Given data:
== Segment start ==

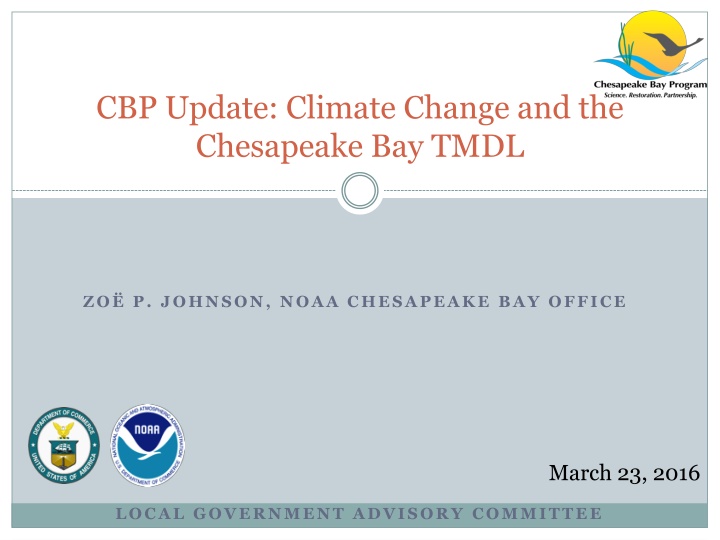 cbp update climate change and the chesapeake n.w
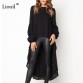 Liooil Black Puff Sleeve Maxi Dress Women Clothes 2019 Spring O Neck Asymmetrical High Low Hem Womens Sexy Long Party Dresses32913954169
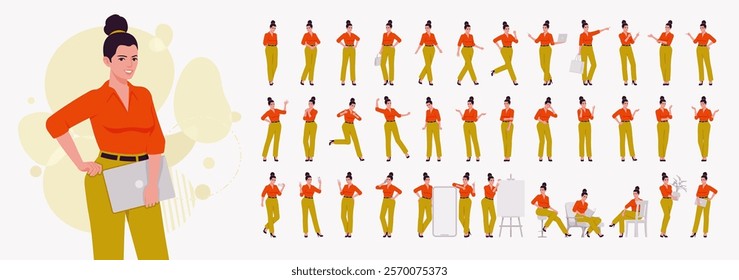 Beautiful modern businesswoman character set, busy office workday life poses bundle. Business lady, active attractive female day routine at workspace, corporate company lifestyle. Vector illustration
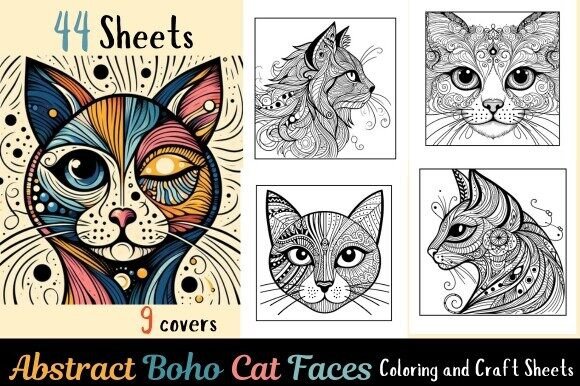 Abstract Mandala Boho Cat Faces: A Creative Solution for Mindful Relaxation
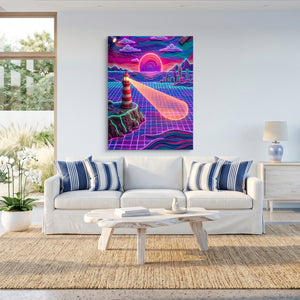 Beacon Across Grid — beacon across grid sq beach house 1port flush print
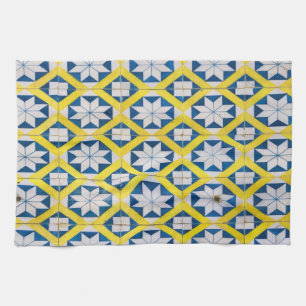 Tile Mosaic Flower Pattern Yellow Blue Tea Towel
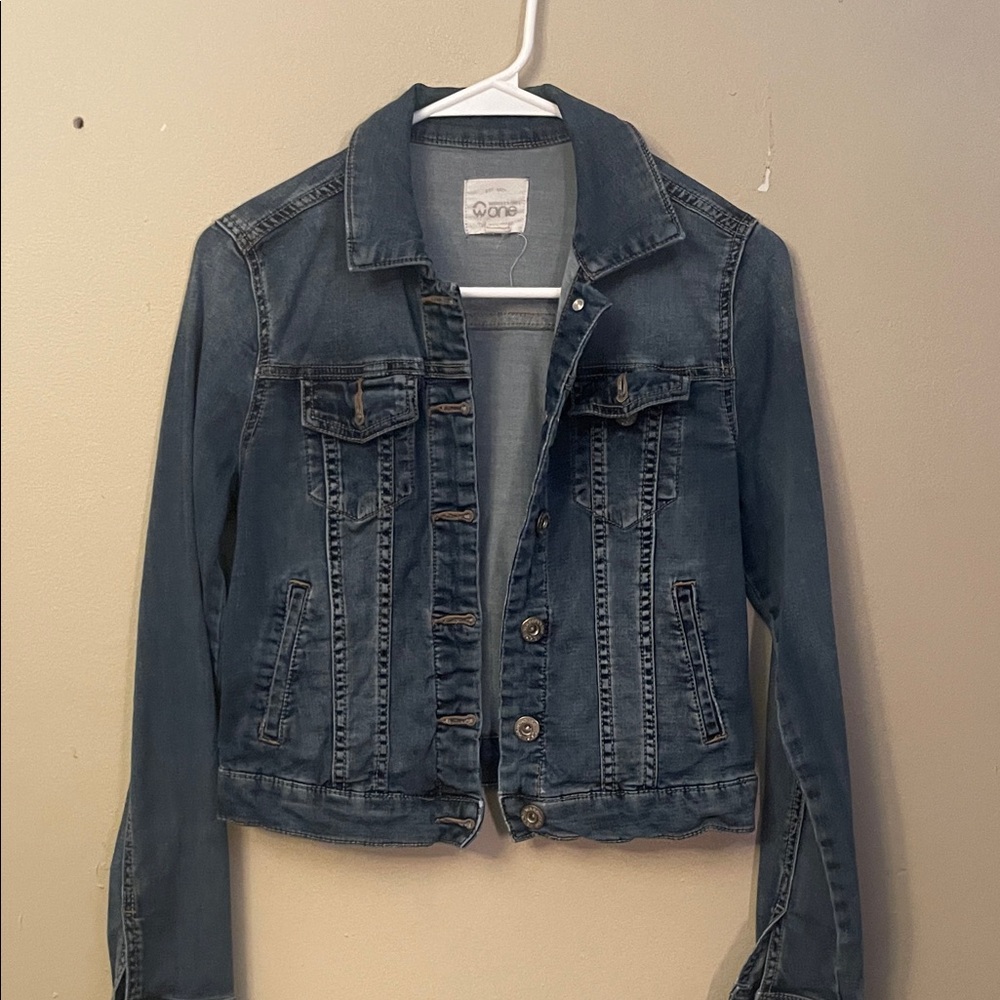 Women's Dark Blue Denim Jean Jacket by One Clothing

== Segment end ==

Try it: What is needed is a word-for-word copy of the lines from the one containing "Beacon Across Grid —" through the final line of the records above, both included, with the pictures left out.

Answer to this exercise:
 Beacon Across Grid — beacon across grid sq beach house 1port flush print
 Tile Mosaic Flower Pattern Yellow Blue Tea Towel
 Women's Dark Blue Denim Jean Jacket by One Clothing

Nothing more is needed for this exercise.